Walka w narożniku
Siedząc nad planem domu jednorodzinnego, sporo czasu poświęcamy na ustawność pomieszczeń, w tym możliwość manewrowania dużymi przedmiotami podczas przeprowadzki: rozważamy na papierze możliwe drogi wniesienia do pokoju pianina czy szafy, przesuwamy – na razie na papierze – otwór drzwiowy, zastanawiamy się, czy udałoby się rozszerzyć go jeszcze o 10 cm. Tymczasem w zasięgu ręki jest rozwiązanie zabezpieczające nasze narożniki: profile, które pozwolą na wykształcenie równej linii.
Aż dziwne, ze rozwiązanie tak proste tak długo musiało czekać: jeszcze 20 lat temu popularne było osłanianie narożników – boazerią, najczęściej bez związku z wystrojem całego mieszkania! Często też na narożniku zostawiano po prostu biały tynk – rozwiązanie eleganckie do czasu pierwszej kolizji małego mieszkańca z framugą…
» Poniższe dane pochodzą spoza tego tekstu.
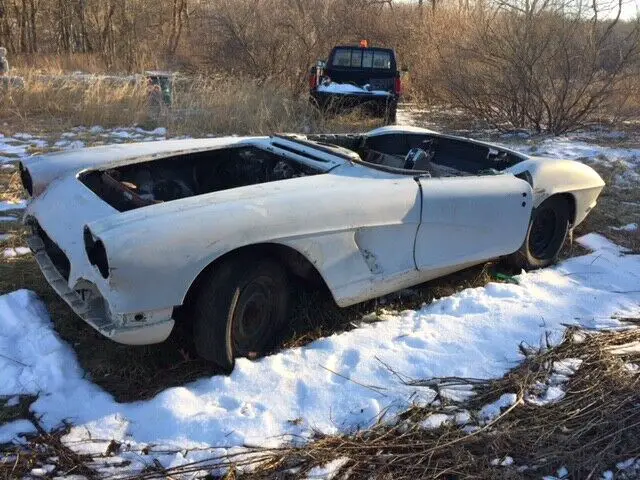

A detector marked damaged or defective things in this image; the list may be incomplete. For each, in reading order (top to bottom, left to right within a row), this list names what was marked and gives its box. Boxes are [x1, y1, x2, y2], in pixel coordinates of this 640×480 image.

Odkąd powszechnie dostępne stały się narożniki – tez z ocynkowanej stali, z drobnymi nacięciami, przypominającymi stalową siatkę, z boku – dotychczasowe działania i oszczędności nie mają sensu. Warto umocnić przy pomocy siatki narożniki wszystkich otworów mieszkaniowych – drzwi, lecz także okien, szaf wnękowych, ba, małej szafki na bezpieczniki: niewiele jest bardziej nużących działań remontowych. Warto pamiętać o zgromadzeniu większego zapasu przed rozpoczęciem budowy i – uwaga – cięciem ręcznym: wysoka temperatura, pojawiająca się przy cięciu szlifierką bądź piłą, przyczynia ię do zniszczenia cynkowej powłoki ochronnej.